TAITUNG, Taiwan -- A team from Academia Sinica, Taiwan's highest research institute, has recently discovered a neolithic stone hearth in a cave in the eastern county of Taitung that has been confirmed as the earliest human relic to have been discovered in Taiwan, the Taitung county government said Friday.
After a year of investigation and research, the prehistoric archaeology research team discovered the hearth at the Basiandong (Eight Deities) Historic Site, which carbon-dating reveals to be 20,000 years old, according to an official with the county's Cultural and Tourism Bureau.

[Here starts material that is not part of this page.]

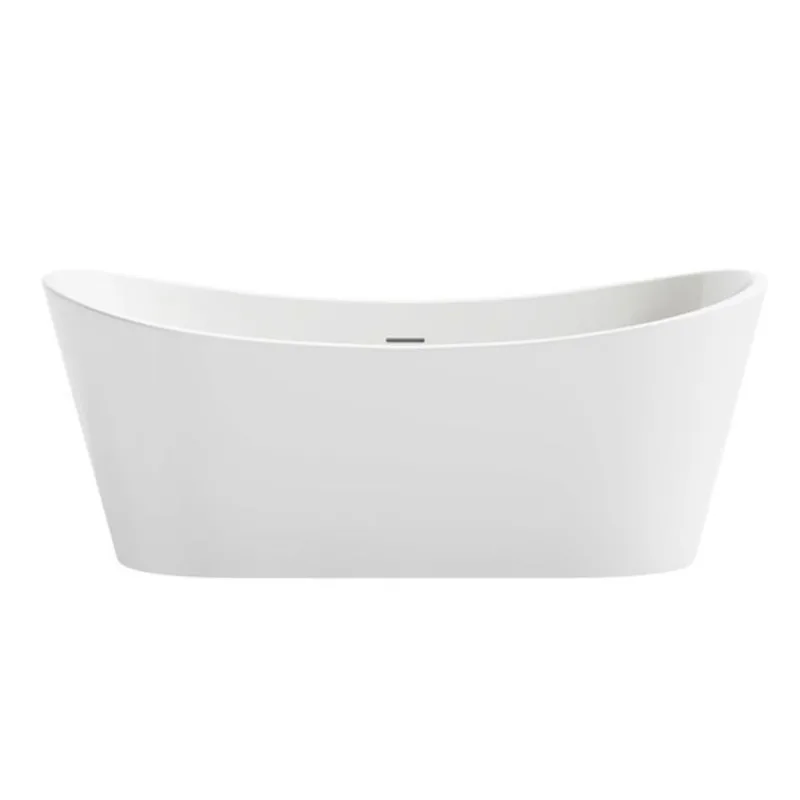 OVE Herschel Freestanding Bathtub Acrylic 60-in with Matching Pop-Up Drain – Glossy White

"The sample proves that humans were living in Taiwan more than 20,000 years ago, " the official quoted Tsang Chen-hua, deputy director of the Academia Sinica Institute of History and Philology, who led the research team, as saying.
In addition to the fire place, the research team has also discovered seven new caves, bringing the number of caves found at the Basiandong Historic Site to 24 from the previous 17, the Taitung official said.
According to the Taitung Cultural and Tourism Bureau, the Basiandong site attracted the attention of Japanese archaeologists during Taiwan's Japanese colonization who explored the main cave, located in a coastal cliff area in the county's Changbin township.
Between 1968 and 1969, a National Taiwan University archaeologist team led by Professor Sung Wen-hsun worked on the Basiandong Historic Site again, discovering four samples that were later carbon dated as dating back between 5,000 and 15,000 years.
To further prove the dates of the Basiandong relics, the Cabinet-level Council for cultural Planning and Development later entrusted Academia Sinica to conduct a new round of research into the site.
"The discoveries by Tsang and his team are tremendously meaningful in terms of Taiwan's neolithic archaeological research, " the official said.